То, что Рейн счёл возможным опубликовать, — экспрессивные конструкции, продиктованные более ритмом, а ещё более песенной мелодией (не зря так часто упоминаются пластинки, судя по репертуару — патефонные). “Японское море” (1959), например, по звуку вписывается в условный советский фильм 50-х. С верными друзьями в кепках, уплывающими в титры на красивом пароходе. Шедевр, кстати. Исполнить бы голосом Марка Бернеса.
Стихи семидесятых-восьмидесятых, которые, собственно, и вывели Рейна за пределы “ленинградской школы” и ахматовского окружения, чужды экспрессии, в меру философичны и трогательны. При всём этом их можно читать как подробные архитектурно-гастрономические справочники, рыцарские похождения на литераторских курортах, “Петербургские зимы” спустя полвека (Рейн, может быть, самый профессиональный адвокат на безнадёжно устаревшем суде над их автором).
В общем, “слишком человеческое”: ретроспектива как политика, эмоциональный толчок — следствие утрат, ностальгия — топливо, двигатель, средство передвижения, маршрут, цель. “Отошедший мир”, одним словом, и “После нашей эры”.

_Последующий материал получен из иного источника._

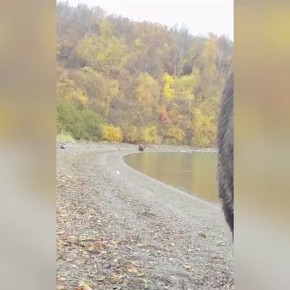 План по накоплению жирка на зиму перевыполнен!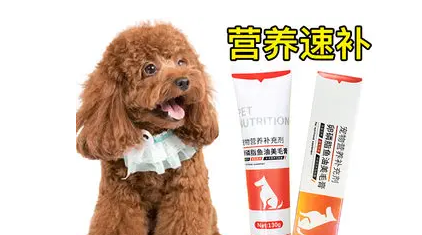 泰迪营养膏什么牌子好
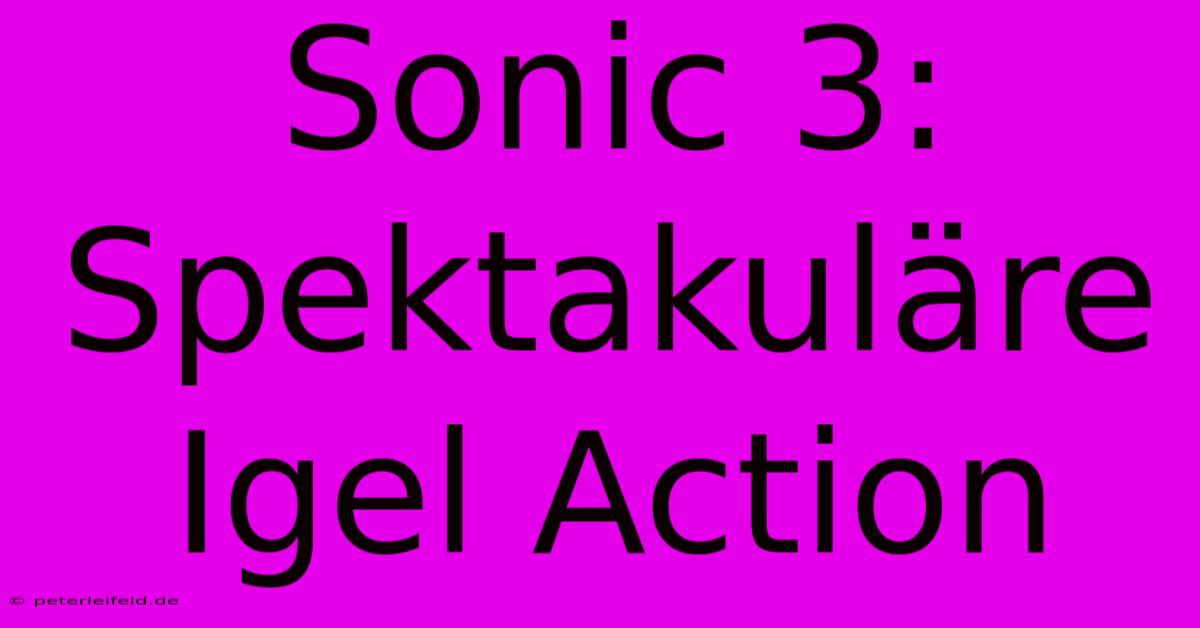 Sonic 3: Spektakuläre Igel Action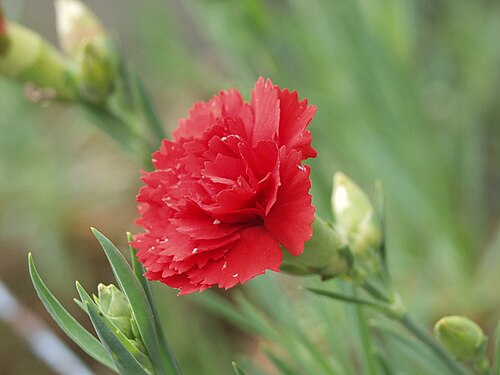 carnation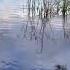 Most Amazing District Park Yerrabi Pond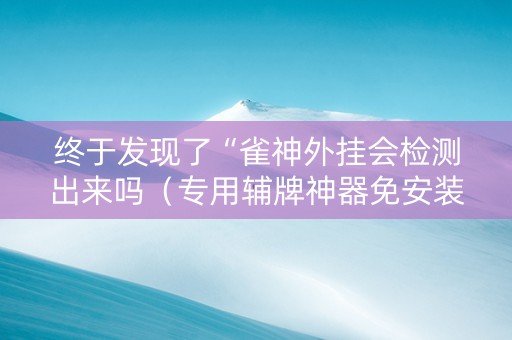 终于发现了“雀神外挂会检测出来吗（专用辅牌神器免安装）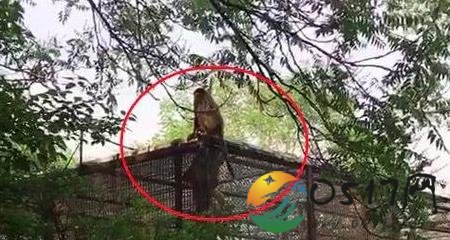 金丝猴逃出动物园 金丝猴如何逃出来的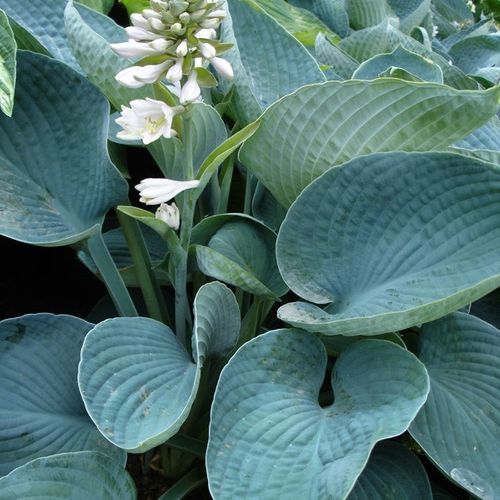 Hosta 'Blue Angel'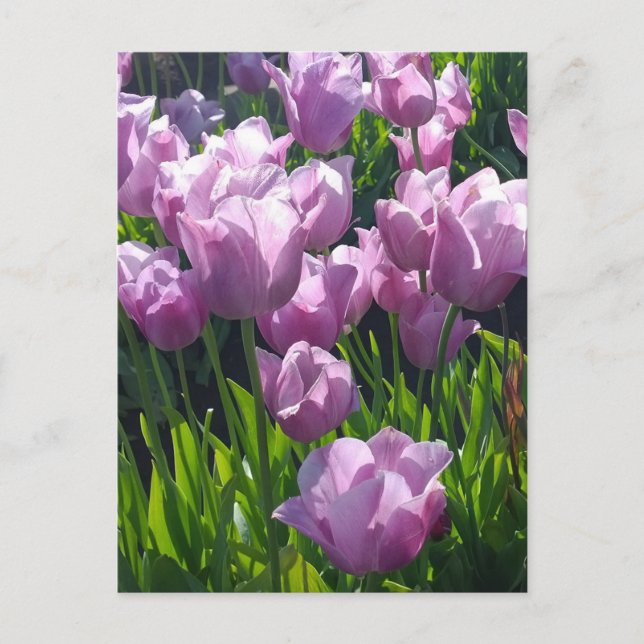 Carte Postale Violet Tulips, Oregon (Devant)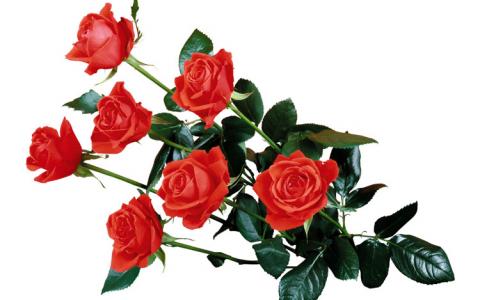 Букеты красных роз фото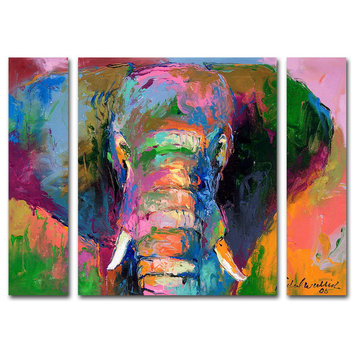 "Elephant 2" Multi-Panel Canvas Art Set by Richard Wallich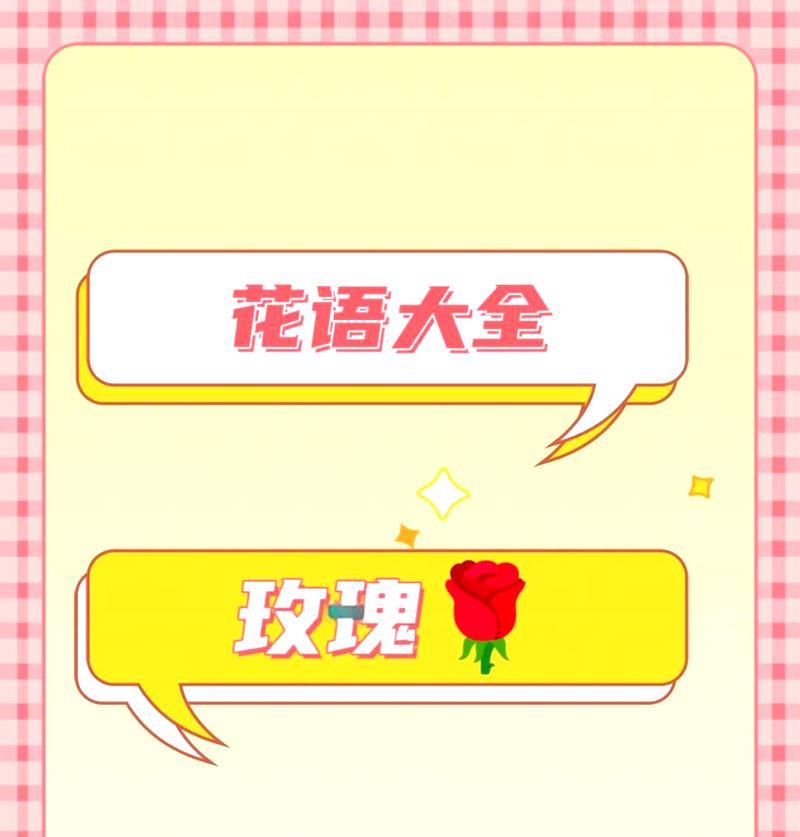 给领导送什么花语祝福合适？
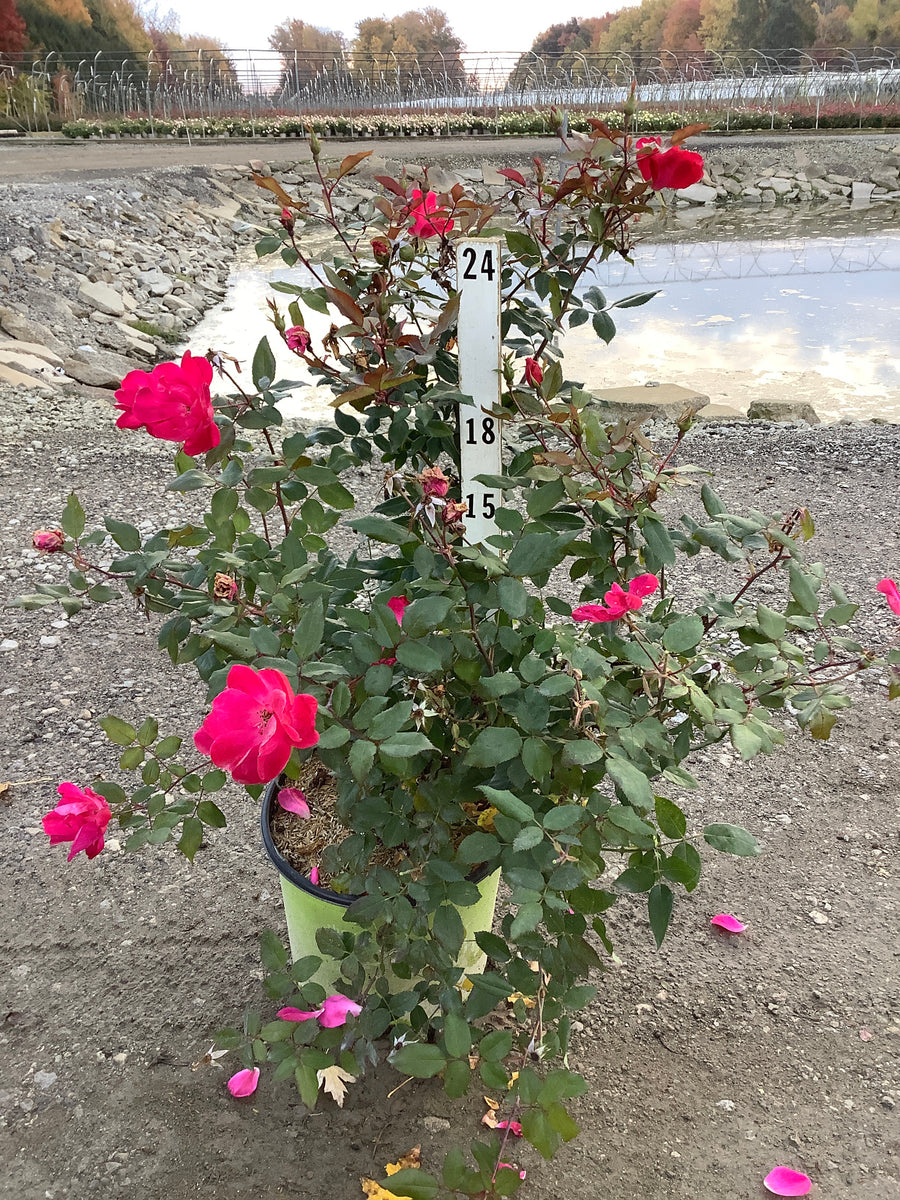 Rosa K.O 'Radrazz'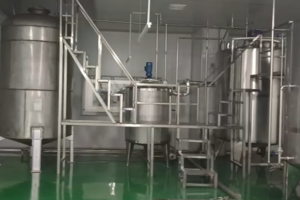 Manufacturer of automatic papaya juice production line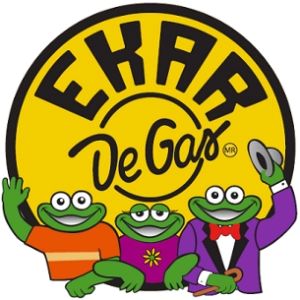 Logo EKAR DE GAS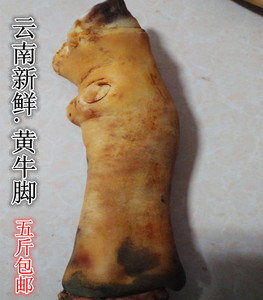 拍5斤包邮 新鲜黄牛蹄子 云南生牛蹄牛脚黄牛蹄牛掌牛脚牛蹄500克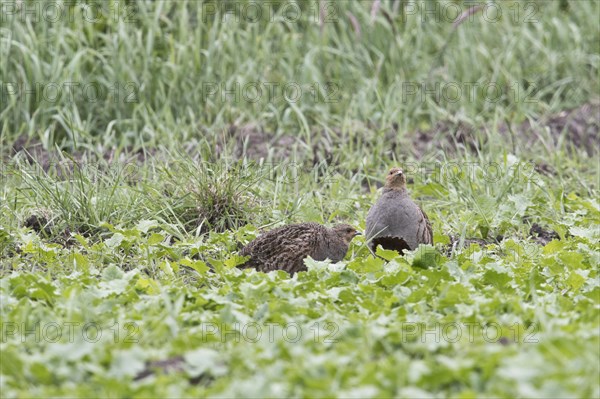 Gray partridges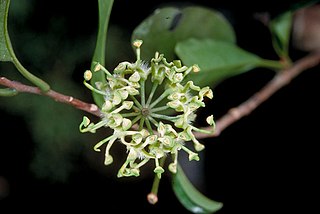 <i>Stenocarpus reticulatus</i> Species of tree of the family Proteaceae native to the Queensland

И, наконец, стихи девяностых годов. Всё чаще афишируется Кузмин. Кузмин “Богородицы” и “Переселенцев”, стихов трагичных без пошлости и перебора. И если поэма Рейна “Зеро” — это всего лишь механика “Форели”, то цикл памяти И. Б. несомненно эстетически близок позднему Кузмину. Как, впрочем, и “Августу”, последнему стихотворению Бродского.
Наверное, поэма “Через окуляр” в творчестве Евгения Рейна займёт то же место, которое занимает “Элегия” в наследии Введенского, в которой каждая строфа — аллюзия и чуть ли не автоцитата, но поданная по-новому, более прозрачно, что ли.
“Через окуляр” — словосочетание, прямо возводящее ретроспективу, воспоминание, т.е. основной способ фиксирования бытия Рейном, в художественный принцип. (На “низком” уровне название сборника поэм Рейна “Предсказание” — иронично.)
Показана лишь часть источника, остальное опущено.